Highlights of the bill include:
- The General Assembly would establish a Medical Cannabis Commission Oversight Committee with two members appointed by the Lieutenant Governor and two members appointed by the House of Representatives. Committee members would be permitted to inspect any production facility upon request and after reasonable notice is provided to the production facility
- The Georgia Access to Medical Cannabis Commission must contract with qualified third party consultants to assist the commission in developing evaluation criteria, in reviewing and evaluating proposals, etc.
- More transparency. All working papers, recorded information, documents, and copies produced by, obtained by, or disclosed to The Georgia Access to Medical Cannabis Commission would be subject to open record laws.
That means the public – and the media – would be able to access more records, that we have not able to previously access.
“It’s a way of creating a situation to clean up the judicial solution and to make it a legislative solution,” Chairman Alan Powell, District 32. "

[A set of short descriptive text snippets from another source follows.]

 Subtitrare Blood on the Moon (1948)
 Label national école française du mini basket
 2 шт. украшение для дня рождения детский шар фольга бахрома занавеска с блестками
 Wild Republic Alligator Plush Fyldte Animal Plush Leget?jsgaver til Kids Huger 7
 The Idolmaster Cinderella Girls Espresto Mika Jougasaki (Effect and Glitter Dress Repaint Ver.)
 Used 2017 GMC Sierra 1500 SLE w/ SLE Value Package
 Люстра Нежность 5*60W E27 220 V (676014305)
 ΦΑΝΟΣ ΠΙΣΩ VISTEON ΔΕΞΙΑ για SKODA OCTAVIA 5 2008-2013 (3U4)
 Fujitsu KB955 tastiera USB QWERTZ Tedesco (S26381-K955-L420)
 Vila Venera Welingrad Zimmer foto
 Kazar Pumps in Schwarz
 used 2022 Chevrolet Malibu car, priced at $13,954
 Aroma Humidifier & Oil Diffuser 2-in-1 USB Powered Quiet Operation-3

The Georgia Access to Medical Cannabis Commission could issue up to nine Class 1 production licenses (up from two) and up to 19 Class 2 production licenses (up from four). However, the aggregate number of Class 1 and Class 2 production licenses awarded or issued would not exceed 22 production licenses
At the heart of all of this – families like Sebastian Cotte and his son Jagger.
“We are not asking for the moon. We are asking for access like so many other states have,” Sebastian Cotte said.
Jagger Cotte suffers from a rare neurological disorder called Leigh’s Disease.
“He is nonverbal, never spoke in his life, he cannot hold his head up, he cannot walk, he is 100% handicapped,” Cotte explained.
Doctors said he would not live past his 4th birthday. Today, Jagger is 11 years old. His dad, Sebastien, credits high CBD, low THC cannabis oil as the key to his progress.
“Right away, we saw some changes but the one thing I will never forget - Jagger had not smiled for a year before that - After two or three days on CBD, Jagger smiled again,” Cotte added.
Cotte moved from Atlanta to Colorado in 2014 so Jagger could be treated with cannabis oil. At that time, it was illegal to use cannabis for medicinal purposes in Georgia, while in Colorado, cannabis became fully legal in 2012. Now, medicinal cannabis is legal in Georgia, but there is still no place to buy it in the state. So, Cotte buys it from other states.
He’s been advocating for medical marijuana for years. In 2013, he and his wife even co-founded Georgia’s Hope, a group of mostly parents who fight for access to legal cannabis for their children.
Cotte says he’d be happy if either bill passes – he just wants medicine for his son.
“I’m still hopeful we’re gonna get it but it’s just taking forever,” Cotte said.